O investigador, da Universidade de Exeter e integra ainda o Centro Hadley do Met Office, um centro de investigação britânico sobre alterações climáticas, explica que a composição do fumo, embora dependa da natureza do combustível queimado e das condições de combustão, pode incluir tanto carbono orgânico como carbono negro. Este último é um poluente atmosférico, cuja formação resulta da combustão incompleta de combustíveis fósseis, madeira ou biomassa. Quando, no contexto de um incêndio, a vegetação não arde totalmente, ocorre a formação de carbono negro, que tem esse nome por conferir uma cor escura ao fumo.
Na sequência dos fogos na Austrália, formou-se muito carbono negro, diz Jim Haywood. Por terem uma cor escura, algumas nuvens de fumo absorveram muita luz solar, o que se traduziu num aumento da sua temperatura. Por sua vez, este aumento levou a que as nuvens subissem de forma extremamente acentuada, “como se fossem um balão de ar quente”. “O fumo subiu imenso porque absorveu imensa luz solar. E absorveu imensa luz solar por causa do carbono negro”, resume.
O investigador diz que o estudo não só demonstra que o aumento da temperatura estratosférica foi provocado pelos incêndios na Austrália, como também prova que as nuvens de fumo e as partículas nelas presentes prejudicaram a camada de ozono (cujo buraco de 2021 foi um dos maiores e mais duradouros desde que há registos). “Isto tem implicações muito alarmantes. O Protocolo de Montreal [acordo global que visa proteger a camada de ozono, através da eliminação progressiva dos químicos que a fragilizam] tem produzido resultados favoráveis, mas todo o progresso pode vir a ser desfeito pelo aquecimento global, se no futuro tivermos mais incêndios que mandam todo este fumo para a estratosfera”, afirma.
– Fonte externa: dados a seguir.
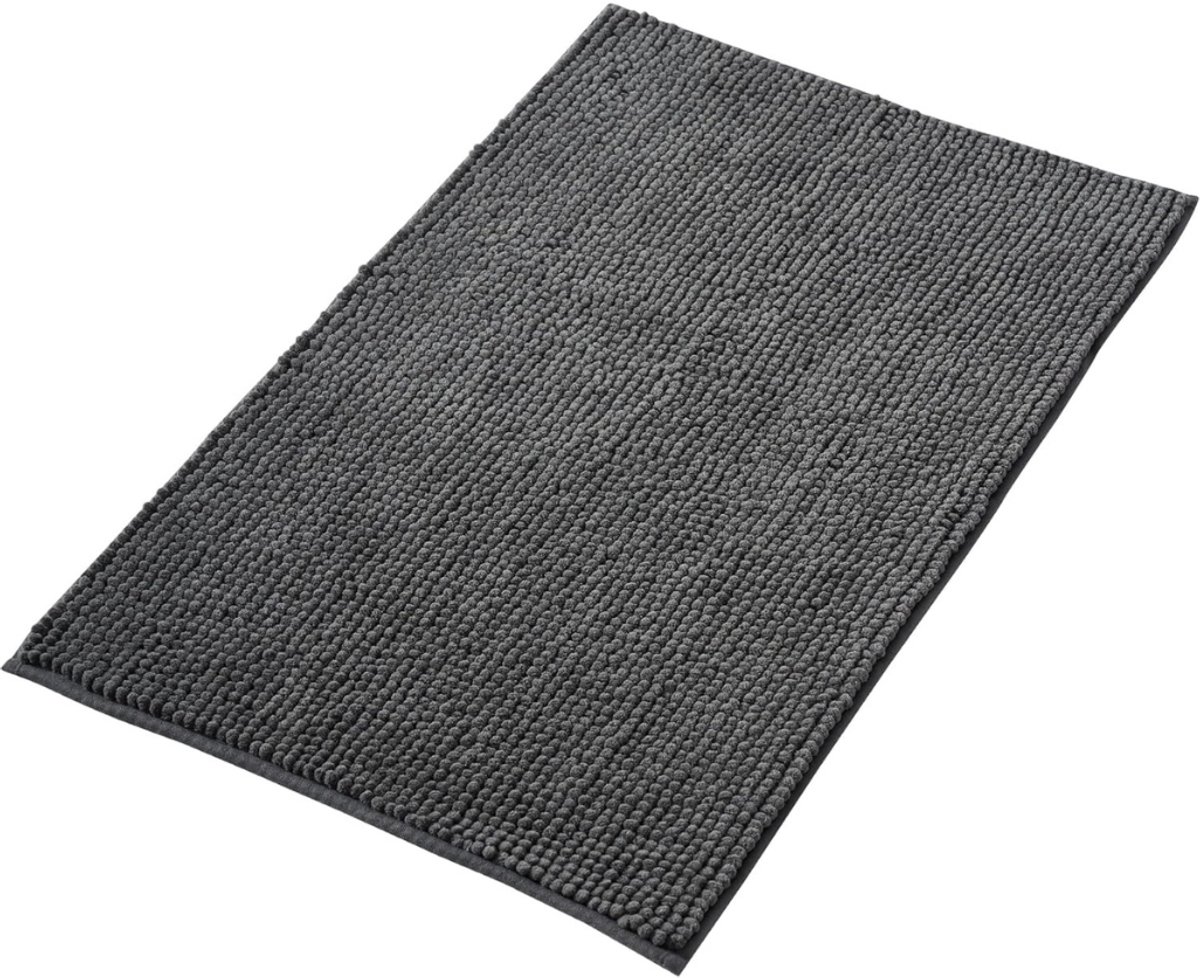 Badmat Anti-Slip - Super absorberend douchemat en wasbaar - Te combineren als badmat set - Voor badkamer, douche, bad of als WC mat - Donker Grijs - 40x60 cm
Os autores do estudo lembram que, com as alterações climáticas, é bem possível que no futuro venhamos a testemunhar fogos não só mais intensos, como mais frequentes. Com isto, poderá aumentar a probabilidade de mais casos de aquecimento estratosférico e danificação da camada de ozono, que é importante para filtrar e impedir a passagem dos raios ultravioleta até à superfície terrestre.